Il nuovo sogno di Internet: farci pagare tutto (e caro)
Quando il web è nato le parole d'ordine erano soprattutto due: gratuito e libero. Tanti credevano che la condivisione delle idee e la libertà totale che la Rete prometteva avrebbero cambiato in meglio il mondo. Nel frattempo il mondo è davvero cambiato ma non sempre in meglio o come si sperava. Le idee circolano, ma spesso sono soffocate da bufale, disinformazione, violenza, contenuti stupidi o peggio. Lo proviamo in prima persona ogni giorno: su web e social c'è talmente tanto e talmente di dubbia qualità che facciamo sempre più fatica a selezionare le cose utili. Così, sempre più spesso, stando nel digitale abbiamo la sensazione di sprecare il nostro tempo. Un po' come quando ci obbligano a fare una lunghissima coda per visitare un'attrazione turistica, vedere una mostra o assistere a un concerto. Non è un esempio a caso. Da qui sono nati e proliferano i biglietti «salta coda». Quelli che, a caro prezzo, ti fanno saltare le file ed entrare velocemente anche in posti affollatissimi come il Colosseo o la Tour Eiffel. Basta essere disposti a pagare il doppio o il triplo del prezzo base. Chi paga passa davanti. E gli altri fanno la coda.
La stessa cosa sta avvenendo e avverrà sempre più spesso nel digitale. Persino la Rete, con la fine della cosiddetta Net Neutrality, è destinata a dividersi in due: da una parte quella che conosciamo, dall'altra un nuovo Internet con prestazioni mirabolanti capaci di rispondere alle esigenze di un numero enorme di aziende ma anche di utenti benestanti.
Spero davvero di sbagliarmi ma ci sono in giro troppi segnali che indicano che in futuro avremo sempre più servizi di qualità ma a pagamento, mentre per chi non ha voglia o non può pagare se non con la propria privacy le opportunità digitali rimarranno buone ma non saranno certo eccelse.
Guardiamo ai colossi del digitale. Amazon ha scelto di trasformare Prime in una sorta di club dove, a fronte di una quota annuale, hai spedizioni gratis, libri, film, serie tv e musica. Facebook sta testando servizi social a pagamento e Instagram ha aperto ai filmati di un'ora (che presto verranno monetizzati), facendo concorrenza a YouTube, il quale lancerà a breve una parte a pagamento, di musica e di video.

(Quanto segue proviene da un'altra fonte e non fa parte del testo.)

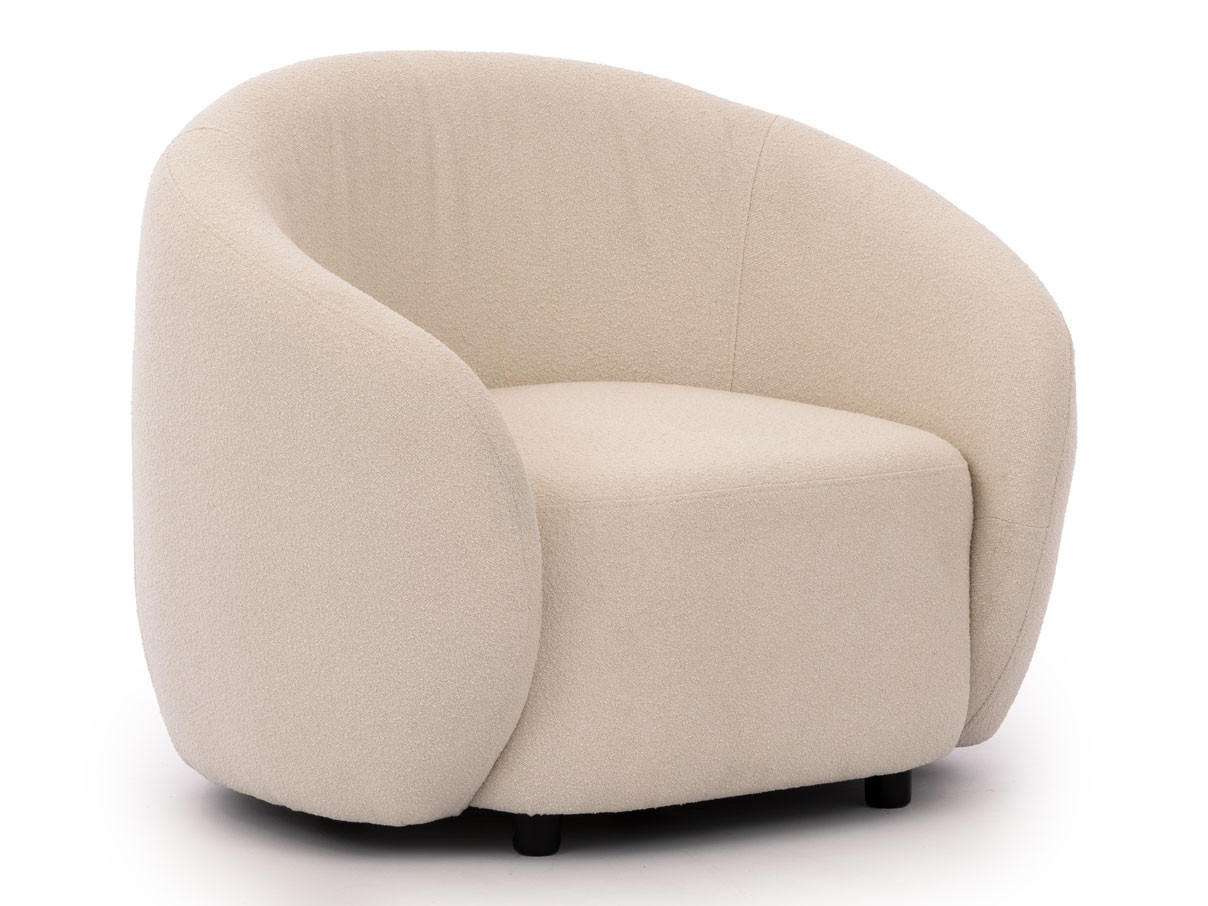 SESSEL Roundi Cremeweiß Bouclé - Creme/Schwarz, Holz/Kunststoff (90/76/80cm) - S-Style Möbel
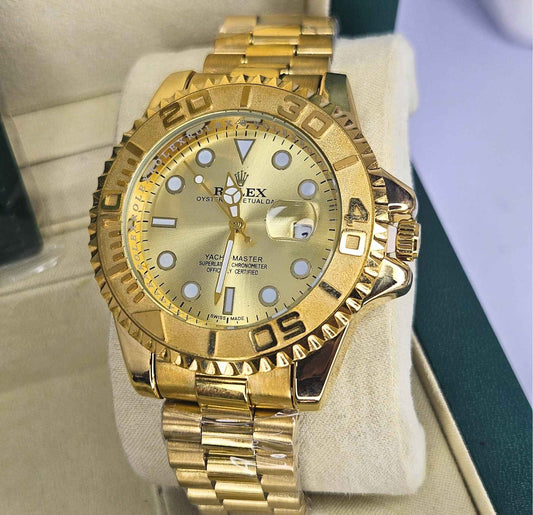 Rolex Yacht-Master Yellow Gold Champagne Dial 168628 Luxury Edition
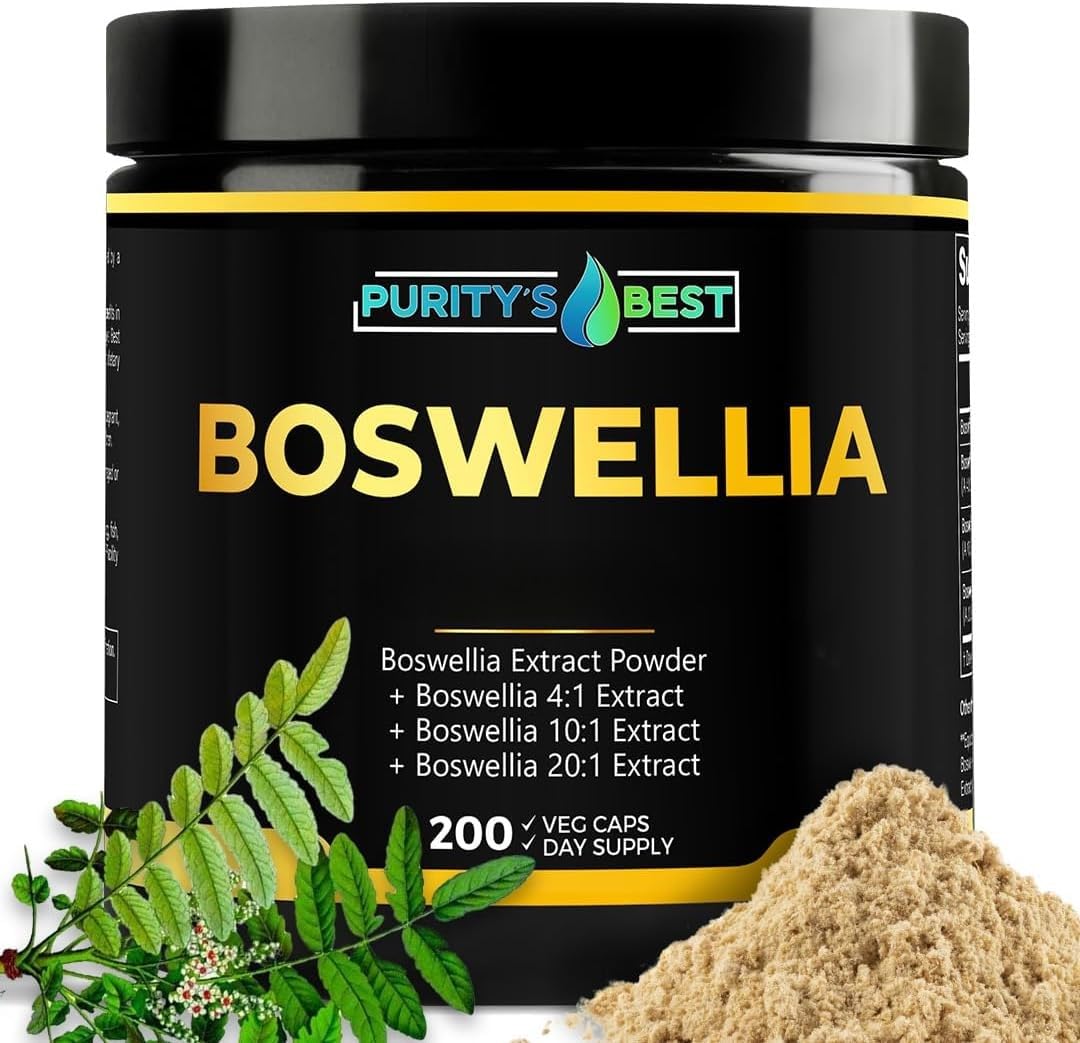 Purity`s Best Boswellia Serrata 4X + 10x + 20x Extract Immune Support and Muscle Relief Capsule, 200 Count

Anche l'Europa con la cosiddetta «link tax» sembra andare in questa direzione. Chi usava notizie, video, musica e quant'altro prodotto da terzi e quindi protetto da copyright, dovrà adeguarsi ad alcune tariffe e regole che saranno decise da ogni Paese. Sarà davvero la fine del web libero, come tuonano alcuni chiedendo all'Europa di ripensarci, votando in direzione contraria il prossimo 2 luglio? La verità, come spesso accade, credo stia nel mezzo. Da una parte – se dovesse passare la legge così com'è – perderemo una parte di libertà è di creatività (per esempio, non si potranno più creare immagini ironiche o i cosiddetti «meme» senza pagare), dall'altra questa nuova serie di regole e questo nuovo trend di un digitale sempre meno gratis ma sempre più efficiente ed efficace potrà (forse) dare una scossa ad un mondo che inevitabilmente si trova al momento in una specie di terra di mezzo. Non ci sono più le praterie della libertà di un tempo ma nemmeno regole certe che permettano a tutte le aziende che lo meritano (pensate all'editoria) di guadagnare dal digitale. E soprattutto: manca la salvaguardia dei cittadini. Con il rischio che per avere la libertà e riprenderci la nostra privacy dovremo pagarcela. Così i ricchi (come nei «fast track») salteranno la coda liberandosi ma a pagamento, mentre gli altri rimarranno in fila imbrigliati dai potenti di turno.